The rupee (INR), which opened the day on a flattish note yesterday, closed the session marginally lower at 73.85 against the dollar (USD). Today, the local currency has begun the session at 73.82. The price action looks bearish and the rupee is trading below the support level of 73.7 and hence it could drop further for the day.
Also read: What made India the biggest buyer of US treasury securities in Apr-July
From the current level, the immediate support can be spotted at 74. Subsequent support levels are at 74.2 and 74.4. But if the INR appreciates from here and rallies past the hurdle at 73.7, it could advance towards the resistance band of 73.5 and 73.4.
Foreign Portfolio Investors (FPI) sold a significant amount of domestic assets yesterday even though the market ended the day on a flat note.
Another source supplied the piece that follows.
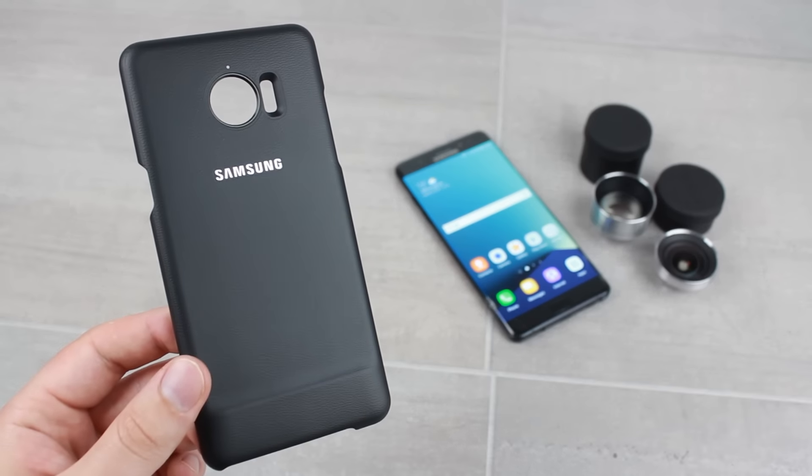The lenses are perfect for both pictures and video, allowing you to expand your creativity no end. You probably won't always want the lenses attached to your Note 7 and will most likely be travelling when they're going to be required most. This is why Samsung have included two handy interlocking cases that ensure your lenses stay in pristine condition, making it extremely easy to transport them anywhere in the world.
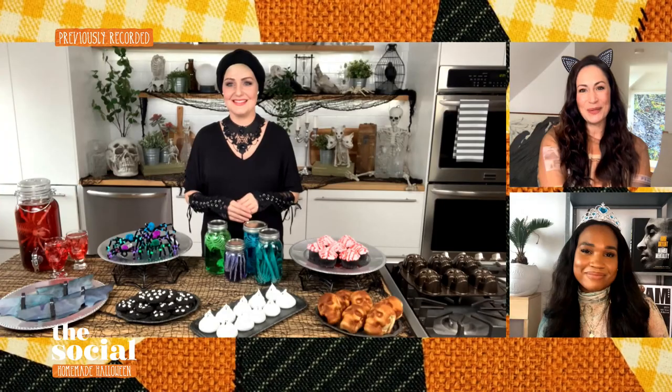Welcome back. Trick-or-treating may not be in the cards this year, but there are still so many ways to keep the Halloween spirit alive. So here with ideas for your Halloweekend at home is YouTube's The Domestic Geek, Sarah Lynn Kashawn.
The net outflow on Tuesday stood at ₹1,456 crore (equity and debt combined). If the FPI sell-off continues, the domestic currency can come under further pressure.
Dollar index
The dollar index, which was in an uptrend last week, has been facing downward pressure in the past two trading sessions. Notably, it closed below the important support of 94 yesterday. But since it remains above the 21-day moving average, bulls have a chance to regain momentum. Importantly, 94 holds the key from the short-term trend perspective.
Trade strategy
For the past two days, 73.85 has been acting as a minor support for the rupee. So, even though the local currency can be bearish until it trades below 73.7, traders can short INR with a tight stop-loss if it falls below 73.85.